En fait, le coût social du transport par voie ferrée est certainement, pour la collectivité, inférieur à celui du transport routier. Mais ce qui est déterminant dans notre société n'est pas ce coût social, mais l'espoir du profit privé. C'est à lui que les ministres comme Gayssot sont sensibles, une fois essuyées les larmes versées sur les victimes des catastrophes.

Gayssot a d'ailleurs annoncé le 26 octobre, deux jours seulement après la catastrophe du tunnel du Saint-Gothard, la réouverture du tunnel du Mont-Blanc aux voitures le 15 décembre, et aux camions quelques semaines plus tard. Il devrait fonctionner à sens unique alterné, la circulation dans l'autre sens empruntant le tunnel du Fréjus. Système tellement compliqué à mettre en place, qu'on risque de le voir, dans quelque temps, abandonné pour revenir à la situation antérieure, sous prétexte de normaliser une situation inextricable.

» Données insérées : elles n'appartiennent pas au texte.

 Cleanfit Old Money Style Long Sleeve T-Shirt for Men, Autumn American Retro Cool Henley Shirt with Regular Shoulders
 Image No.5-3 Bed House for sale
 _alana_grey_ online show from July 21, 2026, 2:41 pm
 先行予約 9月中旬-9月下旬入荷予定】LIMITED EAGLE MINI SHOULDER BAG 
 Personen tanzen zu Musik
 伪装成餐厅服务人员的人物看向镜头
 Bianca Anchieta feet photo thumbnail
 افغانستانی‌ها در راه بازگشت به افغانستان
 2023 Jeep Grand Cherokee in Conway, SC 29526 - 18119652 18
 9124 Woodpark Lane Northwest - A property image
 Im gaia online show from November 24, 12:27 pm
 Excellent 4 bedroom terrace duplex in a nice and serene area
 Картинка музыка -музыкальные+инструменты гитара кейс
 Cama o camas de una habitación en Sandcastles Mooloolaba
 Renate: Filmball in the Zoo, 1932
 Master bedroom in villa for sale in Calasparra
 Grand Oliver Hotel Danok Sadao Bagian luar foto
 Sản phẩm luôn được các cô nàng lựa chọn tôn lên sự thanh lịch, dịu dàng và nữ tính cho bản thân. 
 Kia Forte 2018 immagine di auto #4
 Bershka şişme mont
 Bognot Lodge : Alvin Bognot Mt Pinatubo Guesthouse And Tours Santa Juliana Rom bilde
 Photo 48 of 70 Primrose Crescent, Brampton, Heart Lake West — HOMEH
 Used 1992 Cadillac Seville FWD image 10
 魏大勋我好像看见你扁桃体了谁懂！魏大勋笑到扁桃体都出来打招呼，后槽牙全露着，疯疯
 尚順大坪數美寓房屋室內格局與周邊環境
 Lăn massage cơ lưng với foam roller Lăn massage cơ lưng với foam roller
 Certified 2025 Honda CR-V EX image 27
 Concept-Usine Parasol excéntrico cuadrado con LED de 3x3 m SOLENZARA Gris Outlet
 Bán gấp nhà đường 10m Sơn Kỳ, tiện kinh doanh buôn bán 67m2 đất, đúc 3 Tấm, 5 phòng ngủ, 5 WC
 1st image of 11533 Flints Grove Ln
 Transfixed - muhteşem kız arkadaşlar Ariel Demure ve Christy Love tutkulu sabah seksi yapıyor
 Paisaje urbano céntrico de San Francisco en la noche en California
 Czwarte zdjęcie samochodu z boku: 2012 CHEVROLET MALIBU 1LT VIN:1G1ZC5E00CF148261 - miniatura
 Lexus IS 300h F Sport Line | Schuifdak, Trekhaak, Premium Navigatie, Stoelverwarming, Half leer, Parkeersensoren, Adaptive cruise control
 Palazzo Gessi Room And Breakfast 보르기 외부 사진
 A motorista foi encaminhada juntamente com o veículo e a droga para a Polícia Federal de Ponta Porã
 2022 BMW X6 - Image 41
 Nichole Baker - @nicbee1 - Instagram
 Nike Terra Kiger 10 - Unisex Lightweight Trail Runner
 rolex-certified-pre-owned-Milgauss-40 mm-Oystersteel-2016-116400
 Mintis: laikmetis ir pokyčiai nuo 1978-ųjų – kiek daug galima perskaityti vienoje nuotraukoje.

Quant au ferroutage, formule qui incontestablement améliorerait à la fois la sécurité, la protection de l'environnement, et maintiendrait la souplesse du transport de porte à porte, on en parle. Comme après chaque catastrophe. Mais Gayssot s'est borné à promettre de doubler le trafic qui se réalise sous cette forme d'ici 2010. On ne peut pas dire que l'évolution se fait à grande vitesse.

La priorité pour les patrons et les gouvernements à leur service, est que les camions puissent rouler, en dépit de l'opposition des populations riveraines, en dépit des risques de catastrophe. Car ce ne sont pas seulement des poids lourds qui roulent et qui tuent, ce sont les profits.